- **WHAT THIS TASK INVOLVES**
Retype only the lines below from the one with "Building Photo - 241 Sunstone Ln" to the one with "Day Cab Tractor-Heavy", inclusive, skipping every image.

Records contained in a dataset

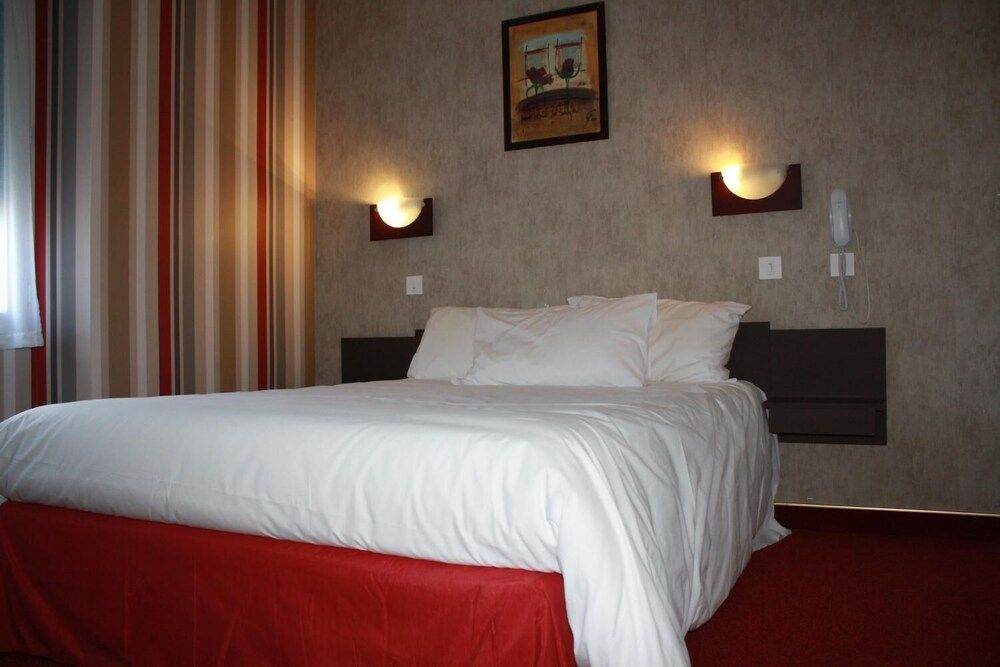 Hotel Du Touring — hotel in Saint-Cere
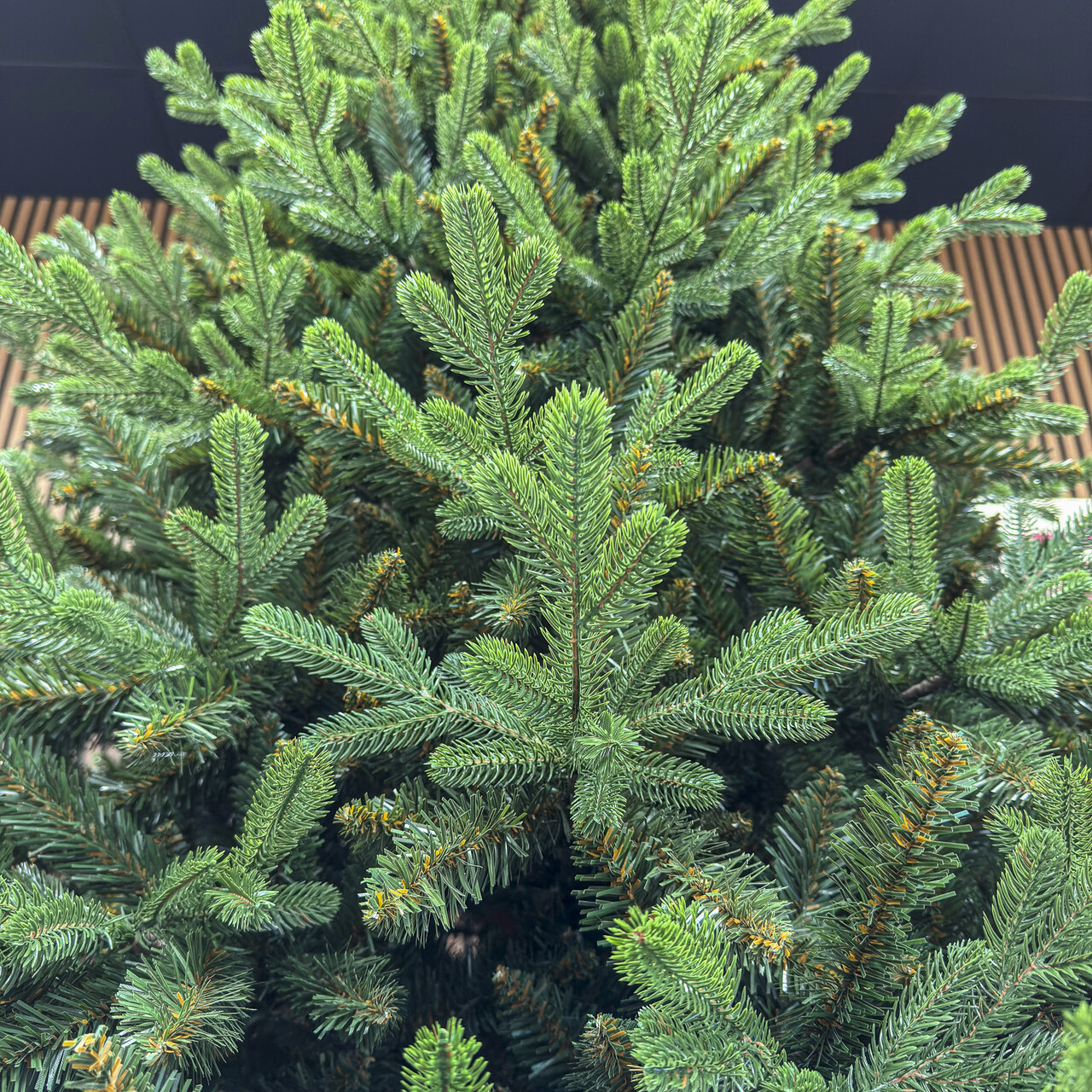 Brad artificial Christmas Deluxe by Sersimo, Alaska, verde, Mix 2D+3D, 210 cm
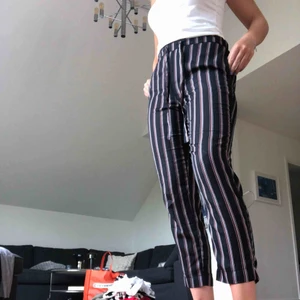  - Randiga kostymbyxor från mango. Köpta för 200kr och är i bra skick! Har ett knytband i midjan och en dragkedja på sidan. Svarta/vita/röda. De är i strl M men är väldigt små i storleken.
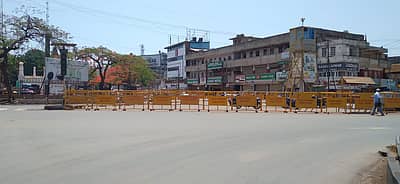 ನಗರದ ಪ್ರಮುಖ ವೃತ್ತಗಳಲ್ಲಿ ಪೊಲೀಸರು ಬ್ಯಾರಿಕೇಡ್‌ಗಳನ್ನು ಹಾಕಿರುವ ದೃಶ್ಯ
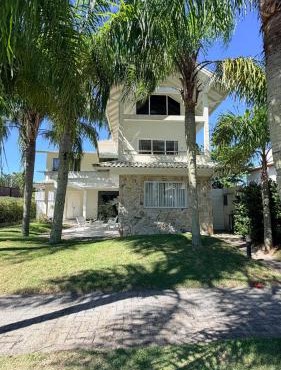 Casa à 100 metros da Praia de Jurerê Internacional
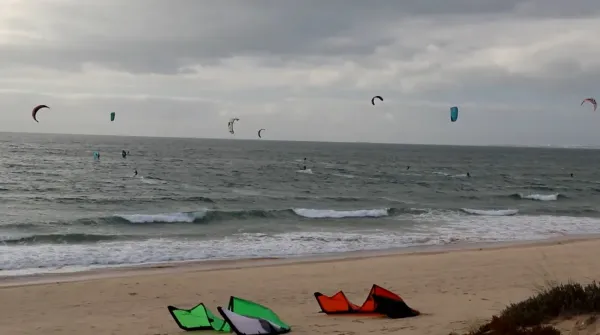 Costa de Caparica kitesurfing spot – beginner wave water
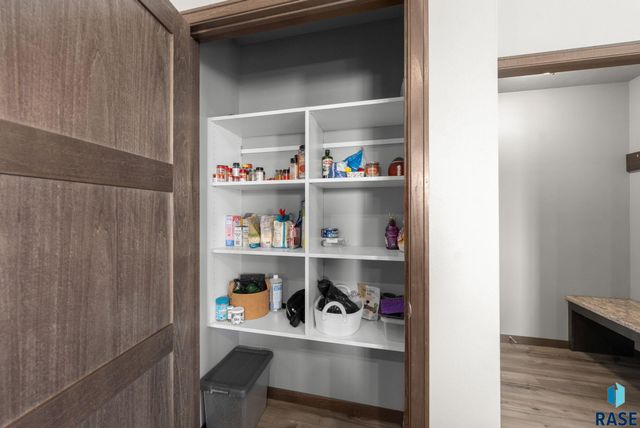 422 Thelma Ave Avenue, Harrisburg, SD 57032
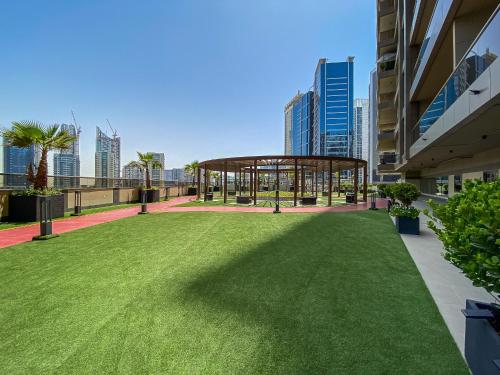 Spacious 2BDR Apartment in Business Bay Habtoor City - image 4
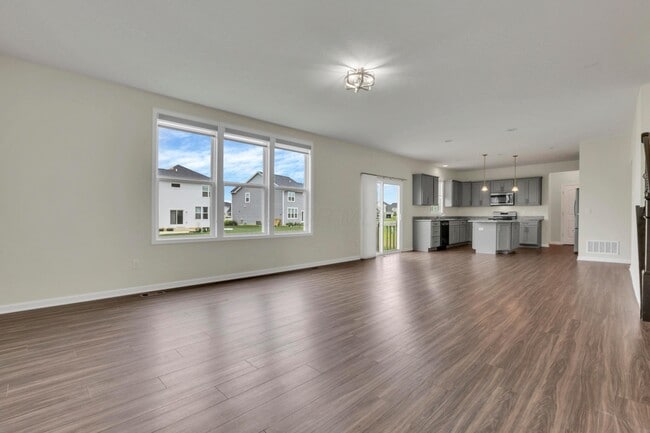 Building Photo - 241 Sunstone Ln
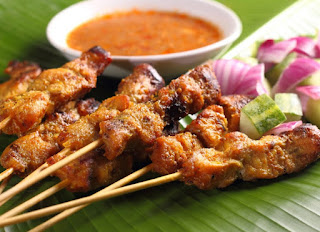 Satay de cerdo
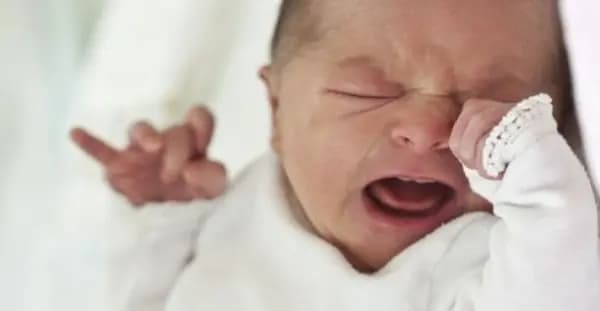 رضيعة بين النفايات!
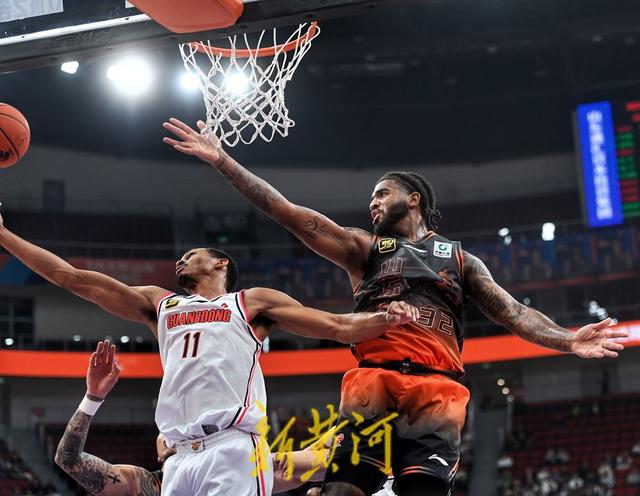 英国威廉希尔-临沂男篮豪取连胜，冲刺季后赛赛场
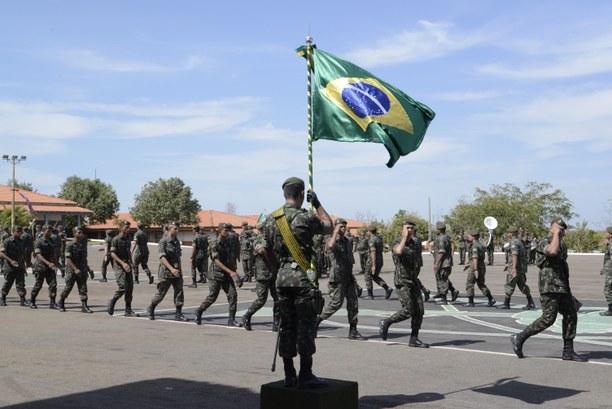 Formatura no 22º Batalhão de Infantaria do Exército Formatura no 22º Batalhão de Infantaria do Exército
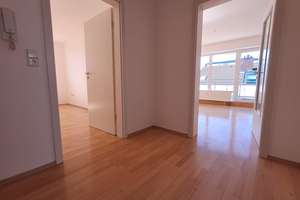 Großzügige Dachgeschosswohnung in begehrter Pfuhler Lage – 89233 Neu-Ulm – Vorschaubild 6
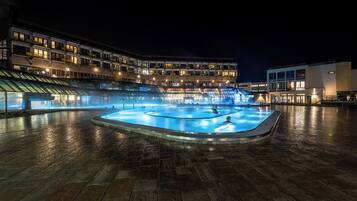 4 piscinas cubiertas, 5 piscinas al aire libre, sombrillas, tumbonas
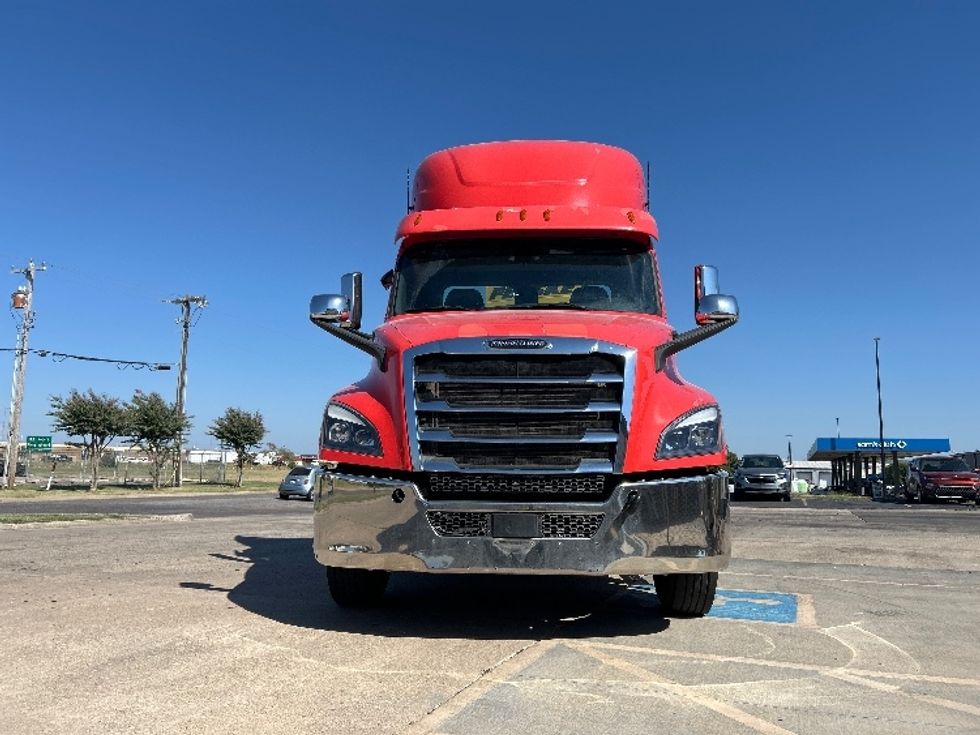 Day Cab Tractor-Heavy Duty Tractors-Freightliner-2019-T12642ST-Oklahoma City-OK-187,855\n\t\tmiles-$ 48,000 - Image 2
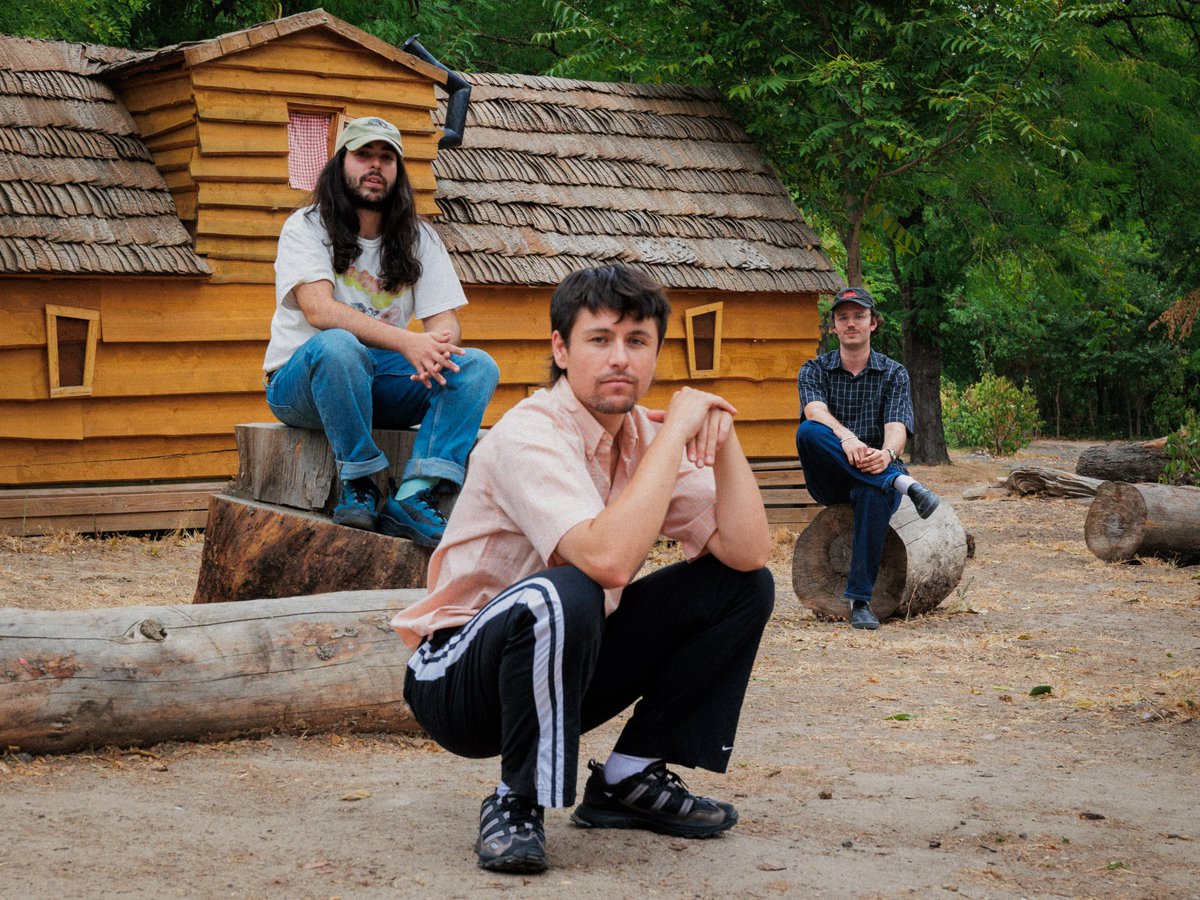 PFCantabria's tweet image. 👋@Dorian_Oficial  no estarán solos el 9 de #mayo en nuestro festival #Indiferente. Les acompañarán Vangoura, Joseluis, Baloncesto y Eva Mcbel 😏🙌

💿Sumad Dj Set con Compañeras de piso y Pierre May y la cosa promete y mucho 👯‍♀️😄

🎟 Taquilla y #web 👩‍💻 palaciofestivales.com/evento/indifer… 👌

- **TASK OUTPUT**
 Building Photo - 241 Sunstone Ln
 Satay de cerdo
 رضيعة بين النفايات!
 英国威廉希尔-临沂男篮豪取连胜，冲刺季后赛赛场
 Formatura no 22º Batalhão de Infantaria do Exército Formatura no 22º Batalhão de Infantaria do Exército
 Großzügige Dachgeschosswohnung in begehrter Pfuhler Lage – 89233 Neu-Ulm – Vorschaubild 6
 4 piscinas cubiertas, 5 piscinas al aire libre, sombrillas, tumbonas
 Day Cab Tractor-Heavy Duty Tractors-Freightliner-2019-T12642ST-Oklahoma City-OK-187,855\n\t\tmiles-$ 48,000 - Image 2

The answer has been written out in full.